Mas o filme, que faz parte aliás de um projeto multimédia já com cerca de uma dezena de anos e que se espalha por várias áreas artísticas, é também um notável trabalho de câmara, de utilização cénica dos espaços fechados e de interpretação, apesar de, ou precisamente por isso mesmo, ser interpretado exclusivamente por não atores, que suportam sequências brutais e explícitas de tortura física e psicológica e de sexualidade.
Argelina em documentário
Um dos aspetos mais interessantes do Festival de Berlim, historicamente, e em função do grande número de filmes exibidos nas várias seções, mais de quatro centenas no total, é a atenção que dá ao que se passa à nossa volta no mundo.
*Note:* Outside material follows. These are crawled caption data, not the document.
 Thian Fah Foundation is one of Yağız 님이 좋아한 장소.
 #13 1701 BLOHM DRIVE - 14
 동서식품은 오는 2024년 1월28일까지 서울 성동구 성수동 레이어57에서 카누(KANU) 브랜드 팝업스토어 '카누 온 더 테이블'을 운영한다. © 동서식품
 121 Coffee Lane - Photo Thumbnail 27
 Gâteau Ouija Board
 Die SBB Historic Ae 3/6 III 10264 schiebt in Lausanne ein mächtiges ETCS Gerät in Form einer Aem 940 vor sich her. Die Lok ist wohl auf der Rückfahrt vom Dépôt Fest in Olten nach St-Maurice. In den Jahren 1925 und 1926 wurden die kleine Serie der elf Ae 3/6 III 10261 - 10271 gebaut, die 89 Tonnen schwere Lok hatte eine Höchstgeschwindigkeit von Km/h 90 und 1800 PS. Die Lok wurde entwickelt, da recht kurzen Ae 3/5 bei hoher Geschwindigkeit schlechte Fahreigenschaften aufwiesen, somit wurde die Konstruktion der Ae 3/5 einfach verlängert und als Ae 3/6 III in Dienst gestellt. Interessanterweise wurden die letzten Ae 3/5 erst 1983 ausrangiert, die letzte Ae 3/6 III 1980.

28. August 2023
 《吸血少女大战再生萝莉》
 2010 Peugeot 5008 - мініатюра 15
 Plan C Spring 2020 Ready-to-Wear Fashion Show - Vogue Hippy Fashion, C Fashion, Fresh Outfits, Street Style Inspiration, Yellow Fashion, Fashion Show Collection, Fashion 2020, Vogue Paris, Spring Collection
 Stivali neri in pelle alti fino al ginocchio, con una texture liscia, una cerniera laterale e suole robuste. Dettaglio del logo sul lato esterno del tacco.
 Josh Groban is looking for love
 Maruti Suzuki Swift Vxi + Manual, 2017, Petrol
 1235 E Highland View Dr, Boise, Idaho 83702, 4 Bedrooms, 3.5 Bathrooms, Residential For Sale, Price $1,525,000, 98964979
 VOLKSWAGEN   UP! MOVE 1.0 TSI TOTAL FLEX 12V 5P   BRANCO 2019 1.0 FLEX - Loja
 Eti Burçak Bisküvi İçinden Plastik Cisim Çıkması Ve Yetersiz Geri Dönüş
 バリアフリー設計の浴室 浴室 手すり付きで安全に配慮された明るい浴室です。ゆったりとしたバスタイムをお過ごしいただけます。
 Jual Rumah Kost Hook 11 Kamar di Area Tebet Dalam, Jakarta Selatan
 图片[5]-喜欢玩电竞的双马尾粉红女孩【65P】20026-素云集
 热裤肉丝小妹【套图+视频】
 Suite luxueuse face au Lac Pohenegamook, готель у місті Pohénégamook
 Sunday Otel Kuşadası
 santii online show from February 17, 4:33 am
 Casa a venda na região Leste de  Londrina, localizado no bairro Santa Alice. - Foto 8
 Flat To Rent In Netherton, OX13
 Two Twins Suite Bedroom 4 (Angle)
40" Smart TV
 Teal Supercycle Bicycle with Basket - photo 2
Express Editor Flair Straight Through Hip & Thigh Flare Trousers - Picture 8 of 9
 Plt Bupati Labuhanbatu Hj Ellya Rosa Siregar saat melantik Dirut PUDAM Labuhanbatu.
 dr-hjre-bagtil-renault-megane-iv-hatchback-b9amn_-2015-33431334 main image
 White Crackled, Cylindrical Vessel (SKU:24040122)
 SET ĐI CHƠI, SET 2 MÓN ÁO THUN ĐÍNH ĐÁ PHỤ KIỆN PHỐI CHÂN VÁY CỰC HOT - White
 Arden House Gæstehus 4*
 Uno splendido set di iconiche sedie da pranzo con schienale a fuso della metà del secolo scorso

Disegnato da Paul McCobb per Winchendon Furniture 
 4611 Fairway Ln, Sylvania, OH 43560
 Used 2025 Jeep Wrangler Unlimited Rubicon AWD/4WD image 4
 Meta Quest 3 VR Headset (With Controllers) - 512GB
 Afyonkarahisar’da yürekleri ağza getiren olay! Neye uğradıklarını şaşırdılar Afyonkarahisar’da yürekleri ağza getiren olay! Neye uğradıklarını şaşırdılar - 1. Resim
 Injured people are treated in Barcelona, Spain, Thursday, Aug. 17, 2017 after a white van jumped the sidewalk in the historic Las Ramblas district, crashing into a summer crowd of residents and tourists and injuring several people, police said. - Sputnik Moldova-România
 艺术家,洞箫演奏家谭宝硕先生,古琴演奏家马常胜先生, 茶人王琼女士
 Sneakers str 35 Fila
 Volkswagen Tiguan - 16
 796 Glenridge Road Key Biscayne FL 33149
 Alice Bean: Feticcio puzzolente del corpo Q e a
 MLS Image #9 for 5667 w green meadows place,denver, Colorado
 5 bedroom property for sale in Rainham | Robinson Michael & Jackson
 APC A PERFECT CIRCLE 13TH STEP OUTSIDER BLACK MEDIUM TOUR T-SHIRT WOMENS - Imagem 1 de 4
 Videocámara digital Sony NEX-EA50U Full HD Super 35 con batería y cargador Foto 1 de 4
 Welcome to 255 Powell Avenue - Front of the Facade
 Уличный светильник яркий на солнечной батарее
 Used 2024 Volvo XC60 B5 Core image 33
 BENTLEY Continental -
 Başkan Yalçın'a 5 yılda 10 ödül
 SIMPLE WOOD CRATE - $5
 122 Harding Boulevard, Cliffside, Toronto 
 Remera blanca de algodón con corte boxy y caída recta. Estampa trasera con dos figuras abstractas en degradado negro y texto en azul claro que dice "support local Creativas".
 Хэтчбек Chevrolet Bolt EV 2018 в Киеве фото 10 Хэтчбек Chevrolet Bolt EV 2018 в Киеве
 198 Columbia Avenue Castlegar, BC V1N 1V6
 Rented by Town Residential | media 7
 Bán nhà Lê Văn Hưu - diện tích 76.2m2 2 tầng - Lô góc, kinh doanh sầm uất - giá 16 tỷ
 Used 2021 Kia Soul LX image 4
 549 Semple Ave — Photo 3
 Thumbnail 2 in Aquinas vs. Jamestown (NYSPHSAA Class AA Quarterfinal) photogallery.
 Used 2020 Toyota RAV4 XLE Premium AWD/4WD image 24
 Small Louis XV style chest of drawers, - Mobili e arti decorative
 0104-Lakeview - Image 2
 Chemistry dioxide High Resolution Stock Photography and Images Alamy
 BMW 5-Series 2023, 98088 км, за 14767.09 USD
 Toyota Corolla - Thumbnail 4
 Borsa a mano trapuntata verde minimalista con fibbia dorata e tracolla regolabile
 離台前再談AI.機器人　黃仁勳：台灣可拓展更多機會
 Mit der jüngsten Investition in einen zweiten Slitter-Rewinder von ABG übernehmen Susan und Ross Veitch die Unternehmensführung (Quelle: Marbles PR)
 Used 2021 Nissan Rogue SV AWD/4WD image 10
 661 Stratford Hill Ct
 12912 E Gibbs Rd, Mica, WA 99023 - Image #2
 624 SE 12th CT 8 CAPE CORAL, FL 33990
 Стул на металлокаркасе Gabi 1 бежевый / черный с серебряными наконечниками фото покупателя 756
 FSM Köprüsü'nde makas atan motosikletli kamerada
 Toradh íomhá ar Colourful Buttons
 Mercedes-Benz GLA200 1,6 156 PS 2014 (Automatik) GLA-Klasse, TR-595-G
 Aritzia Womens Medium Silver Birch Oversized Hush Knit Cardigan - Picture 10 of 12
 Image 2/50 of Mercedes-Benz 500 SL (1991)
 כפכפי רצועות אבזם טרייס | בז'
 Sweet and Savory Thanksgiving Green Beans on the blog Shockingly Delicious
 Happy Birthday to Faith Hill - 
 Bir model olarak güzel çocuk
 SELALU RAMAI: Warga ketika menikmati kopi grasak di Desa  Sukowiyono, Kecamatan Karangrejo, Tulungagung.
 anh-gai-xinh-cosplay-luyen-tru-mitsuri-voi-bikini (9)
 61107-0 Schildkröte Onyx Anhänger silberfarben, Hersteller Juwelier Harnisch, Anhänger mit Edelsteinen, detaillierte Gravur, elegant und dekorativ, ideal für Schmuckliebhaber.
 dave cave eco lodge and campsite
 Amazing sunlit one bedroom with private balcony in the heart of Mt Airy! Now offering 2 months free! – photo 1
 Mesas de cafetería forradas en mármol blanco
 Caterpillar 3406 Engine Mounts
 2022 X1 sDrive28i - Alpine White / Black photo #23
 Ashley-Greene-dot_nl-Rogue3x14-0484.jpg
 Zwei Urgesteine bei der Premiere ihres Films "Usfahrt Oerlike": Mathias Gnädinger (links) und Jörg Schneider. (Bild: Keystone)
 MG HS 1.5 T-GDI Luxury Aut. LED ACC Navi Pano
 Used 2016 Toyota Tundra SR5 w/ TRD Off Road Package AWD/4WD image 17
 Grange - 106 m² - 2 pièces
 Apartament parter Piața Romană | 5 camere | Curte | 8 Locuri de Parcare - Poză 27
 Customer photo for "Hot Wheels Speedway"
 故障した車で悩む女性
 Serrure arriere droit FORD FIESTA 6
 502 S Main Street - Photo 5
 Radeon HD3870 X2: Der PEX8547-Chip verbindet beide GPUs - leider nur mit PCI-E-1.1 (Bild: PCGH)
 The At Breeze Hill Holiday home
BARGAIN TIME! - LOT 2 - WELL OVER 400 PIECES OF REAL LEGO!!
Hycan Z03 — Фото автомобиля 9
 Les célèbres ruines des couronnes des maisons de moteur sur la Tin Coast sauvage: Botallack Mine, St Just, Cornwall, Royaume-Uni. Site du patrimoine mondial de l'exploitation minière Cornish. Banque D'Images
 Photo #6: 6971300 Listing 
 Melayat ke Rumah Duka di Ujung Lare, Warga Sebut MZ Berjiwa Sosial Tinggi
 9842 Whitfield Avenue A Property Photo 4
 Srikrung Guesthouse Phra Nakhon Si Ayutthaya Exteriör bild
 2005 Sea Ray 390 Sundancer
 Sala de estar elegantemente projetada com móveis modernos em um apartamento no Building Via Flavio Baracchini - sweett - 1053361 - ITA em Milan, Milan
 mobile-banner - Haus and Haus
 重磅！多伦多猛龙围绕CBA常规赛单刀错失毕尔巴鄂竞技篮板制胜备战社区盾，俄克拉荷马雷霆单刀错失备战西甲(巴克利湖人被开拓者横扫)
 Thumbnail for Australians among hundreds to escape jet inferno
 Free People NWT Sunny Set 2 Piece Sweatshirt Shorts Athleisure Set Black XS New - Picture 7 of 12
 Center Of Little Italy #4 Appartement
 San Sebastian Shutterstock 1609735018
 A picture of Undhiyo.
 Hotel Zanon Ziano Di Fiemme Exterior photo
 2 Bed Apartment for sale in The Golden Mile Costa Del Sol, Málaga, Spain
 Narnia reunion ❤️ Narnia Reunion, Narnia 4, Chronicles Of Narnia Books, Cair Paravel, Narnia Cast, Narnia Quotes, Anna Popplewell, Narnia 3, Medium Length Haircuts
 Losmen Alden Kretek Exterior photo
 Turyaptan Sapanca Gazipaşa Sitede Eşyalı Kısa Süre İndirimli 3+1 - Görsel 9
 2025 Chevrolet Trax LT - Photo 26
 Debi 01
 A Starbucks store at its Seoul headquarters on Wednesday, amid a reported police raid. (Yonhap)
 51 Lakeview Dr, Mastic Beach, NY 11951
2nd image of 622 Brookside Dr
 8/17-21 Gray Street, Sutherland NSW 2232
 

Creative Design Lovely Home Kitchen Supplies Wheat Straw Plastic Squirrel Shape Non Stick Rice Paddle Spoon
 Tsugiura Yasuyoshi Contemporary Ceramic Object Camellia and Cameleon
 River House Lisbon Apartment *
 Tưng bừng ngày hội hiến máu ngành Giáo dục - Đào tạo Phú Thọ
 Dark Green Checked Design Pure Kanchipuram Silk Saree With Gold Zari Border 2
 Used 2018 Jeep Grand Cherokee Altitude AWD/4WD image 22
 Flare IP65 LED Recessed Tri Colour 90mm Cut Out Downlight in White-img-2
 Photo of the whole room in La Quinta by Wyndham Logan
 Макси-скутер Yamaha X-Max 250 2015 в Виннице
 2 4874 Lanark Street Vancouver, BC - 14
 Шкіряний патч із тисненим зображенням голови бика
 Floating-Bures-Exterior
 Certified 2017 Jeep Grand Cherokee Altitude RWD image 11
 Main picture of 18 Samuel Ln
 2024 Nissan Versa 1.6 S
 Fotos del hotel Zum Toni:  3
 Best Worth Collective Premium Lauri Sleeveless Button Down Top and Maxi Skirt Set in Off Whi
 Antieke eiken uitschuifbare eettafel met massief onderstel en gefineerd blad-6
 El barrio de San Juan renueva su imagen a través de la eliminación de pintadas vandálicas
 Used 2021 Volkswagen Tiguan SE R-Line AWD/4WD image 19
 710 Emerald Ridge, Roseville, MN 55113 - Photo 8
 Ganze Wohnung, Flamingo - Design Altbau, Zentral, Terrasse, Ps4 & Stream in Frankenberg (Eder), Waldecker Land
Não admira pois que a situação política argelina seja o centro de "Nardjes A.", do brasileiro Karim Ainouz.
Autor entre outros de "A Vida Íntima", em exibição em Portugal, o realizador tem origens argelinas e chegou à capital do país, precisamente para fazer um documentário sobre o pai, alguns dias antes de 22 de Fevereiro, quando o povo argelino saiu à rua para dizer não ao quinto mandato do presidente Bouteflika, à frente de um regime militar que oprime o país e impede o seu desenvolvimento económico.
Desde essa data que os argelinos vêm para a rua todas as sextas-feiras, primeiro dia do fim-de-semana islâmico, e mesmo que tenham feito o governo recuar na candidatura, as eleições de dezembro nada alteraram e todo o país se continua a manifestar para exigir plena liberdade e democracia.
Depois de não conseguir filmar as primeiras manifestações com a sua câmara, Ainouz pegou num telemóvel, concentrou-se na jovem ativista que dá o título ao filme e criou um documentário poderosíssimo sobre uma realidade social e política aqui tão perto de nós mas que não tem encontrado suficiente mediatização para alertar a opinião pública mundial. É para isso também que serve o festival de cinema de Berlim.
Retomando a competição, um dos outros candidatos possíveis ao Urso de Ouro, além de Philippe Garrel, pela sua veterania e pelo culto à sua volta, o sul-coreano Hong Sangsoo apresentou o seu último filme, "A mulher que corre". Recorrendo uma vez mais à sua atriz regular, Kim Minhee, ao seu estilo minimalista, de planos longos onde um zoom a meio recoloca as personagens em jogo e a sua atenção pormenorizada ao humano, nesta pequena mas delicada história de uma mulher que aproveita um dia de saída do marido em negócios para visitar algumas amigas que vivem nos arredores de Seul. Um filme que poderá marcar lugar no palmarés do festival e que teremos oportunidade também de ver nas nossas salas.